Le passé est un boulet, qui finira par entrainer ce bon vieux
rock n roll dans le fossé. C’est un culte morbide qui empêche de voir la beauté
quand elle dévoile ses mélodies sensuelles. Cette musique, messieurs, est progressiste,
comme tous les groupes de rock devraient l’être.
Je ne parle pas ici du progressisme mondain des critiques
rock embourgeoisés, qui achètent leurs vinyles numériques à la fnac. Non, ceux-là
voudraient une révolution à la mai 68. Une jacquerie musicale balayant tout sur
son passage. Ils voient la musique comme une série d’explosions, un serpent qui
se mord la queue, et pensent qu’aujourd’hui le reptile c’est suicidé.
Il ne parlèrent du king que pour saluer sa mort, le
rocker devant selon eux passer de la gloire au trépas, sans rien laisser
derrière lui. Et bien non, le rock ce n’est pas cela, c’est une culture qui s’est
érigé par étapes, le passé nourrissant les exploits futurs. Réadapter le blues,
voilà la seule chose que firent les rockers, et ce peu importe leur proximité avec la source originelle.

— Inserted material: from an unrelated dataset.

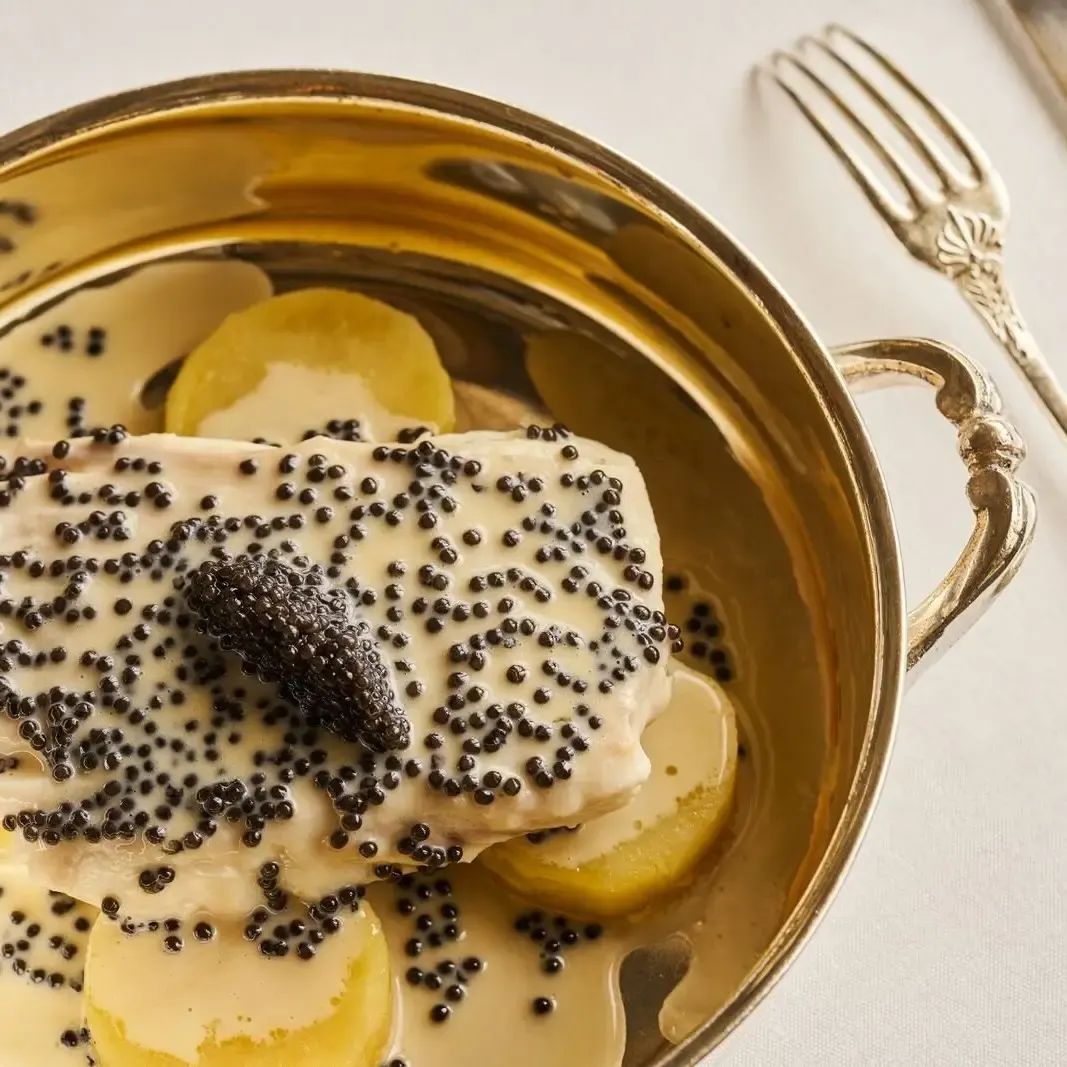 Gerecht met kaviaar bij Le Grand Vefour in Parijs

Alors , maintenant que la chaine est cassée , que le
monument s’est tellement éloigné du socle qu’il semble branlant, le blues
revient sur le devant de la scène. Je ne suis pas en train de dire que le hard
rock, le psyché, le prog , n’ont servi à rien , au contraire. Ils ont mené à
une impasse, nourris de classiques en apparence indépassables, et qui ont
engendrés une sève plus pure.
Régulièrement, certains ont vu le cul de sac venir, et
donnèrent naissance au nihilisme punk , au purisme cartoonesque de ZZ top , ou
à la pop de prolos de creedence. 3 minutes , quelques riffs , et un retour à la
simplicité de Cochran ou Muddy Water. Chassez le rock n roll et il revient
flirter avec le blues.
Aujourd’hui plus qu’hier, ce virage est éclatant. Gary
Clark Jr a gagné un grammy , et Bonamassa , Joanne Shaw Taylord et Keannie
Wayne Shepperd se bousculent pour lui ravir sa couronne. Warren Hayne lui, est
encore au-dessus de tout ça, c’est un monument historique.

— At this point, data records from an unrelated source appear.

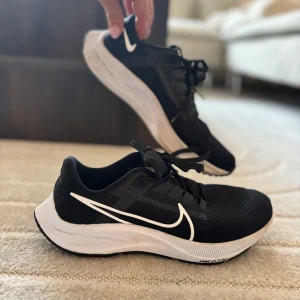 Nike pegasus air zoom - Fint skick. Snålt använda. Vita prickar under sulan är mönster och ej mönster 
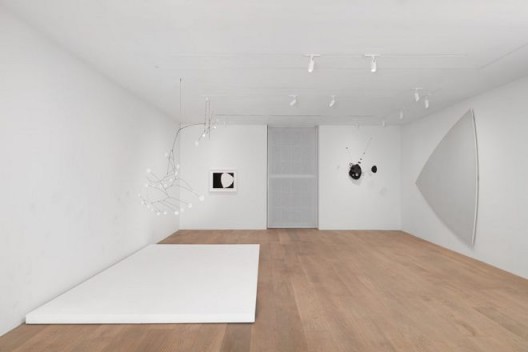 Installation view, Calder / Kelly. Photo: Tom Powel Imaging. All Alexander Calder artworks © 2018 Calder Foundation, New York / Artists Rights Society (ARS), New York. Courtesy Calder Foundation, New York. All Ellsworth Kelly artworks © Ellsworth Kelly Foundation. Courtesy Ellsworth Kelly Studio.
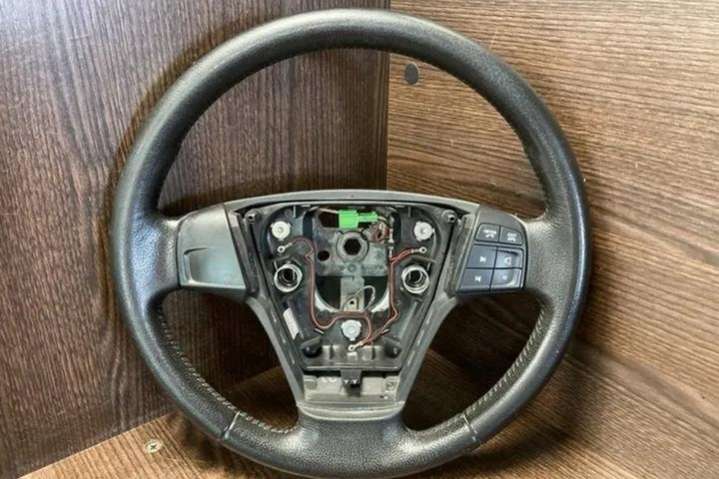 55150060 Руль  Volvo S40 2 поколение (2004-2007) 2004г. | Фото № 3  55150060 Руль  Volvo S40 2 поколение (2004-2007) 2004г. - Фото 3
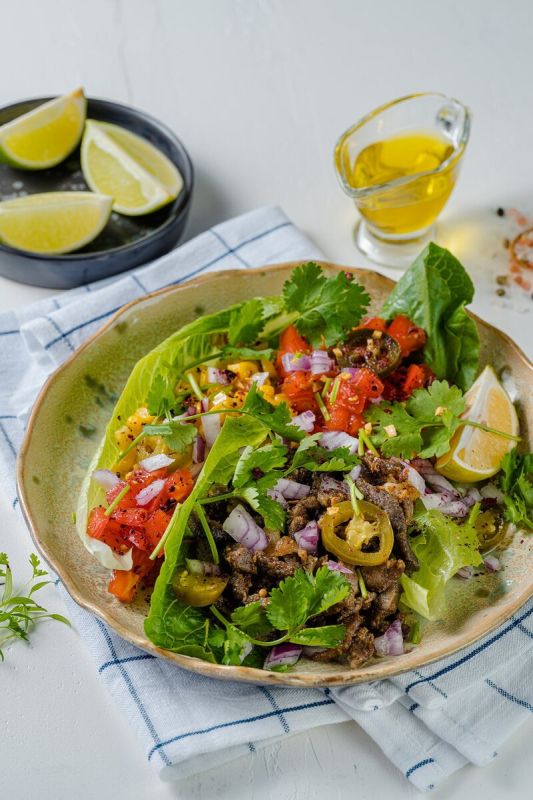 Мексиканский салат с антрекотом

Avec gov’t Mule , il a participé à la dernière charge
glorieuse des sudistes, et l’a un peu prolongé quand les black crowes ont
commencé à lâcher la rampe, en 1996. Le problème,
c’est que cet homme révélé par les frères allman était bien trop fin pour se
laisser enfermer dans un genre.
Alors , au déces d’Allen Woody , la mule est devenue son
jouet , qu’il emportait dans des expérimentations plus jazz. A ce titre , « sco
mule » renoue avec une somptuosité cool qu’on croyait morte depuis la fin
du mashavishnu orchestra. Par la suite , la mule a navigué sur les chemins
tortueux du reggae , et des autres fétiches musicaux de son leader.

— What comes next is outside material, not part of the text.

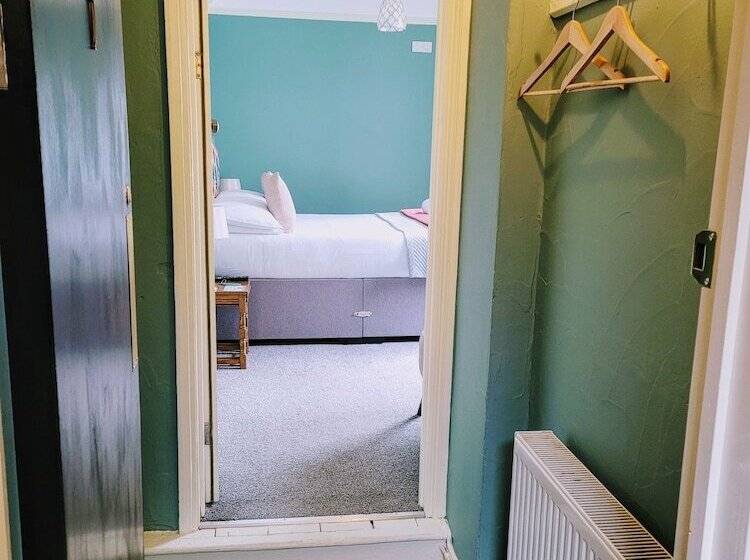 اتاق استاندارد, Jacobs Ladder Inn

Les ingrédients étaient là, épars, et ils donnèrent leurs
premiers savoureux fruits sur son premier disque solo « tales of ordinnary
madness ». L’enfant est le père de l’homme, et chaque musicien reste
toujours ce gosse écoutant religieusement ses disques de rythm n blues , et de
soul.
C’est en tous cas cet enfant qui a influencé man in motion,
disque foisonnant et gracieux, que Hayne vient promouvoir sur la scène du
Moody theater. Les cuivres reprennent
une place qu’ils n’ont plus eu depuis les belles heures de Sly et sa famille stone,
groupe dont « take a bullet » ressuscite les cuivres dansant autours
de solos sensuels.
Sur les ballades comme « sick of my shadow » ,
ces cuivres soulignent la mélodie , créent un spleen somptueux de vieux
baroudeur mystique. Le rythm n blues est à la fête, et copule joyeusement avec
ses glorieux contemporains soul et funk. Warren Hayne a ça dans le sang , c’est
un Johnny Cash qui aurait troqué son country blues pour un rythm n blues d’une
richesse impressionnante.
Contrairement à la plupart de ses contemporains, il ne
cherche pas à prendre toute la place, sa guitare est très présente sans être
bavarde. Ne s’étiolant pas dans des solos superflues, son phrasé ponctue, sublime,
et fait décoller une instrumentation d’une finesse rare.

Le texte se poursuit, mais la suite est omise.